* _WORK TO COMPLETE_:
In the records that follow, the lines from the one containing "FOLBIOL 5 MG 50 TABLET görseli" to the one containing "2024届安徽省合肥市第六中学高三下学期月考(三)物理试题 （解析版）第3页", inclusive, are to be given again exactly.

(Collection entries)
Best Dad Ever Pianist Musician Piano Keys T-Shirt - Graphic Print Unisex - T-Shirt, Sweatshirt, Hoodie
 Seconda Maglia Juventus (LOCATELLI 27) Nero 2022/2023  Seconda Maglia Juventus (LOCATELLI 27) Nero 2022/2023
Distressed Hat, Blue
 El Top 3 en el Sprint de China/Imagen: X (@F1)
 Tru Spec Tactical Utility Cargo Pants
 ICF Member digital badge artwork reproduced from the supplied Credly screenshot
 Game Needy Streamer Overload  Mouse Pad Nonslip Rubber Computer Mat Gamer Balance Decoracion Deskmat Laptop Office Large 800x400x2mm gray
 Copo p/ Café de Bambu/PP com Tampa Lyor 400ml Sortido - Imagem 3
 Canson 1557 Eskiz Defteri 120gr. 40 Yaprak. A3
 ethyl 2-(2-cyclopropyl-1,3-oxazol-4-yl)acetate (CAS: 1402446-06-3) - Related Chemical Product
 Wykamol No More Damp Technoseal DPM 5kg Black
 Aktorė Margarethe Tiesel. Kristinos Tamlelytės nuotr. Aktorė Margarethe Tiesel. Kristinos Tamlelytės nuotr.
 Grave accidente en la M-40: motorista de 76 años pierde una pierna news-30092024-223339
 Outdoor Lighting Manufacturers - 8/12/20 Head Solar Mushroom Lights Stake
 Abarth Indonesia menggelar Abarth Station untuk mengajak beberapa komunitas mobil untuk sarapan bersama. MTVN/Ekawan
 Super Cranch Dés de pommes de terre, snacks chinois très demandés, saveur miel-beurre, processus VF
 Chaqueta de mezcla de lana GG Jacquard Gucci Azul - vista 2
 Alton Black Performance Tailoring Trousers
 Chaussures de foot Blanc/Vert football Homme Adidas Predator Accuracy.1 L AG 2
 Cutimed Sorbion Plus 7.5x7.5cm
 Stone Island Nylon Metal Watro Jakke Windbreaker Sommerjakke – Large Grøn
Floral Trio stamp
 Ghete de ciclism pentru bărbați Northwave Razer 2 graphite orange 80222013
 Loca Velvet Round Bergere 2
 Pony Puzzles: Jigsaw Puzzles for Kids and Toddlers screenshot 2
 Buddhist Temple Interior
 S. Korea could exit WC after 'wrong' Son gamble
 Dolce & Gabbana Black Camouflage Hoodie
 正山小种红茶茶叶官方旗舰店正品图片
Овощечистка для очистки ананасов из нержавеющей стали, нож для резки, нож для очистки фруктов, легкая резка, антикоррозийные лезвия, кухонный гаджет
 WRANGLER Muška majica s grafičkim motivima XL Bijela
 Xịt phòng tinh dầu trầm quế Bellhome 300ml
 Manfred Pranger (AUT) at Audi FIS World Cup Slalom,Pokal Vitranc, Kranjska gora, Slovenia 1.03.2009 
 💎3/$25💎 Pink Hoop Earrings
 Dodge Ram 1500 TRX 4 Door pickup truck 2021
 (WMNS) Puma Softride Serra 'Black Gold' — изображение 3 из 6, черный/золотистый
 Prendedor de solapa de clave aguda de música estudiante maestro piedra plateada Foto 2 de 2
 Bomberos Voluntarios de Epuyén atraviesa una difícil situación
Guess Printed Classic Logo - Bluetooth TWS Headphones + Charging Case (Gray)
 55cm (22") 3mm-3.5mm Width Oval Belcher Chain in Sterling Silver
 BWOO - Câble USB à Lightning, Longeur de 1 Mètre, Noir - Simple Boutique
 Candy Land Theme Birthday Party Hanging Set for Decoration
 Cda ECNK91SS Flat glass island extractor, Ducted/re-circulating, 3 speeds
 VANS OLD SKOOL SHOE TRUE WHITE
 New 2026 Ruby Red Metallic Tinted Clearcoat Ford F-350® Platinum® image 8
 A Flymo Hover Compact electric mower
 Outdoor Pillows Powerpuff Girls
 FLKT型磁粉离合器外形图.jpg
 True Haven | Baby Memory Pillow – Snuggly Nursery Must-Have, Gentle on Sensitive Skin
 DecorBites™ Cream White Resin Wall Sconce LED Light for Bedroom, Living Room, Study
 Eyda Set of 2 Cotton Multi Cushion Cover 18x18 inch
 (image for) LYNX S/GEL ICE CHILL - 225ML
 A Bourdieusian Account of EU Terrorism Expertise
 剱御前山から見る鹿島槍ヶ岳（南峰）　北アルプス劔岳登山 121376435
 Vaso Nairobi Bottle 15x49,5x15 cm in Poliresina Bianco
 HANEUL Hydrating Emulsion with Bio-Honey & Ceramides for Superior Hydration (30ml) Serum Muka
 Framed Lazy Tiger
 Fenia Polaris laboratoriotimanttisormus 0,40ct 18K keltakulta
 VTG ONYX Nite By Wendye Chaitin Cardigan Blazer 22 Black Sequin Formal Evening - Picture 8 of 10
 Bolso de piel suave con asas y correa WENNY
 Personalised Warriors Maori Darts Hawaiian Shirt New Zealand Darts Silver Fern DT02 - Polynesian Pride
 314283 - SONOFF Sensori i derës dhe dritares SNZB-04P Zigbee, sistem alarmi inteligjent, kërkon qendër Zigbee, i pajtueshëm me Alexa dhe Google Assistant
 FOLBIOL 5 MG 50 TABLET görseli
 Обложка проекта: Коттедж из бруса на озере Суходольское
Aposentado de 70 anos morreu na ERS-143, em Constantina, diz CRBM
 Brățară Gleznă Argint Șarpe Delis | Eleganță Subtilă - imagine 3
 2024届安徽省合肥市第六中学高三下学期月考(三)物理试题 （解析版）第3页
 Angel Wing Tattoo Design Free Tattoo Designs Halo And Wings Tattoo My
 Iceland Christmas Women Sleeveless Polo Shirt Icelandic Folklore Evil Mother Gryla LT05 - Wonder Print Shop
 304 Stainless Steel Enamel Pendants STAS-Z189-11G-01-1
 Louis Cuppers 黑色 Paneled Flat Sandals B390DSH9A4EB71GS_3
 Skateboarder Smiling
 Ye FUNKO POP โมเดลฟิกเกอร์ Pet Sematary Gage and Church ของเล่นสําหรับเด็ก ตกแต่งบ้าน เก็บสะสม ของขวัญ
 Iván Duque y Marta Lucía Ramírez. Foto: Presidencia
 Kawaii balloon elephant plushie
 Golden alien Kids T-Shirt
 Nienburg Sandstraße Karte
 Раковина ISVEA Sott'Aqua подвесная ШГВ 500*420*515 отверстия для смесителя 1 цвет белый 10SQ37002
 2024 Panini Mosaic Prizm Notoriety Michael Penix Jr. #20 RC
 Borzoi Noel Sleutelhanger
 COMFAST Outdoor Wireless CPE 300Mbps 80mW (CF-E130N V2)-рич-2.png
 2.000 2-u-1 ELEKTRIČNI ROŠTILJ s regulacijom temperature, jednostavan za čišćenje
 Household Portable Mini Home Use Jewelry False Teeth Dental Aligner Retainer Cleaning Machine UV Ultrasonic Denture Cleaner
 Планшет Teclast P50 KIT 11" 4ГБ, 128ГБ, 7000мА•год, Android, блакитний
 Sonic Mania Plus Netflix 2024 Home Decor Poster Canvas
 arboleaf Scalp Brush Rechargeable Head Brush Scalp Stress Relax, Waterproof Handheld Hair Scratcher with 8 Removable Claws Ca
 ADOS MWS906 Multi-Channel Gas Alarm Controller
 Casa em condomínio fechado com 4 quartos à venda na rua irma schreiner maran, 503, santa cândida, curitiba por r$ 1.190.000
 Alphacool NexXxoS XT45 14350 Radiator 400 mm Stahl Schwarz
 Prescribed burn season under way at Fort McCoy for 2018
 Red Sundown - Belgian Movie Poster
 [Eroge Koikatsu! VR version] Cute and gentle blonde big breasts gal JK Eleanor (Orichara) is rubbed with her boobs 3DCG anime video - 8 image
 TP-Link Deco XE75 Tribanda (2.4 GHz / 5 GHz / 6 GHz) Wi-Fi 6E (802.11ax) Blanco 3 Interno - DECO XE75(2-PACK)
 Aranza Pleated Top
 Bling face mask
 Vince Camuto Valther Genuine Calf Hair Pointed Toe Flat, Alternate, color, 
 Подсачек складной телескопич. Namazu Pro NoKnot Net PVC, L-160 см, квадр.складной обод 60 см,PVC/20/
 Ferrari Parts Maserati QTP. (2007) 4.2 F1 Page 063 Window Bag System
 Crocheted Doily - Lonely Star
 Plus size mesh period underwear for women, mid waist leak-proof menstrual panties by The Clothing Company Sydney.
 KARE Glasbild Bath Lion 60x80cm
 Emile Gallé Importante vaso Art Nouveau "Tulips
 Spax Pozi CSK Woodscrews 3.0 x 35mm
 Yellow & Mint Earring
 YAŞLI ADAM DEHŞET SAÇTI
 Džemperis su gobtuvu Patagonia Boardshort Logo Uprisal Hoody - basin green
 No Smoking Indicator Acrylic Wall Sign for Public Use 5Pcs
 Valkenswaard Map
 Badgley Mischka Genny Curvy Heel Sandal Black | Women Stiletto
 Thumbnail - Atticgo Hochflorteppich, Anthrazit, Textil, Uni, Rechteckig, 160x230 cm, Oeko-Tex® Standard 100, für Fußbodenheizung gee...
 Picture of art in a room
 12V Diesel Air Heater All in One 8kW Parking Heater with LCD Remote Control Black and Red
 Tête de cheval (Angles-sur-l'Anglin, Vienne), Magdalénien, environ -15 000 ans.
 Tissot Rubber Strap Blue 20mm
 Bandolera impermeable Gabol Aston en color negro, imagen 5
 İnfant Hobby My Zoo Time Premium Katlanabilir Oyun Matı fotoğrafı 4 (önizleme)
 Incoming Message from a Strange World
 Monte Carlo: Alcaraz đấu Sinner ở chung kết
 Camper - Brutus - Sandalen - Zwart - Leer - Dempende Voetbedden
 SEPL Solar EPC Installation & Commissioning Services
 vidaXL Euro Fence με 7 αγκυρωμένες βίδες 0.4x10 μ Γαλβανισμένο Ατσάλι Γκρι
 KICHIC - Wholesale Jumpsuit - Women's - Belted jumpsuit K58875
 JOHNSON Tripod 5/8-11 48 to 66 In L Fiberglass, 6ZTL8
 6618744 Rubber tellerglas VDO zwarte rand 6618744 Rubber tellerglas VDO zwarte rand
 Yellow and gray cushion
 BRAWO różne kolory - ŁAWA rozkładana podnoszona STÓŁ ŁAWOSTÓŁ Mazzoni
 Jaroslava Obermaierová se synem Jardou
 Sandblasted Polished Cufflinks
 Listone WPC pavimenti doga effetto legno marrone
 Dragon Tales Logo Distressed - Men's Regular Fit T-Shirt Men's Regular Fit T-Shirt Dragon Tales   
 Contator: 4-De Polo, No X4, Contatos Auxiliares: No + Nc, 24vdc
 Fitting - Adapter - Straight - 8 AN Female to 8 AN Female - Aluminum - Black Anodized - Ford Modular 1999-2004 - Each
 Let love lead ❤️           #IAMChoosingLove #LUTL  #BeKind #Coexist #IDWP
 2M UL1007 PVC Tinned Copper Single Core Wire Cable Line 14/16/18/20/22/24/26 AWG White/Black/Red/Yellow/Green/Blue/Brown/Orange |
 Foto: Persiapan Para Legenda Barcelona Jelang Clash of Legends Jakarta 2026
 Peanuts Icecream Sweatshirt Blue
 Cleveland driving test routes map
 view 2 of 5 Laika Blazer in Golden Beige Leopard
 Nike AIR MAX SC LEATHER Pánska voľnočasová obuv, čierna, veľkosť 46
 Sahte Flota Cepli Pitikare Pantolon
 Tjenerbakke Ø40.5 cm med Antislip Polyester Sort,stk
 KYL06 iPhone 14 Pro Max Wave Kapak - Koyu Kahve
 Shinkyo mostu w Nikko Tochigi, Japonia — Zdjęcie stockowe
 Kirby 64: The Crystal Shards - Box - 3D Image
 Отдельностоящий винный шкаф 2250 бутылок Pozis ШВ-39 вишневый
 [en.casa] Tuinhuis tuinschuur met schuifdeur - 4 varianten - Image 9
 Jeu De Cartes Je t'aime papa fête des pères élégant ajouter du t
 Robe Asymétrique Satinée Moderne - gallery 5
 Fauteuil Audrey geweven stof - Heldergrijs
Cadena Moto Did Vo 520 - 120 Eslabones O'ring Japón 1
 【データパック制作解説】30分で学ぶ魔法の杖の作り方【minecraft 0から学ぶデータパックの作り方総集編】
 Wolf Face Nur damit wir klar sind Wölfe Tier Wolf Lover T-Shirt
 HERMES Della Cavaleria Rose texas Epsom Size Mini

* _RESULT OF THE TASK_:
 FOLBIOL 5 MG 50 TABLET görseli
 Обложка проекта: Коттедж из бруса на озере Суходольское
Aposentado de 70 anos morreu na ERS-143, em Constantina, diz CRBM
 Brățară Gleznă Argint Șarpe Delis | Eleganță Subtilă - imagine 3
 2024届安徽省合肥市第六中学高三下学期月考(三)物理试题 （解析版）第3页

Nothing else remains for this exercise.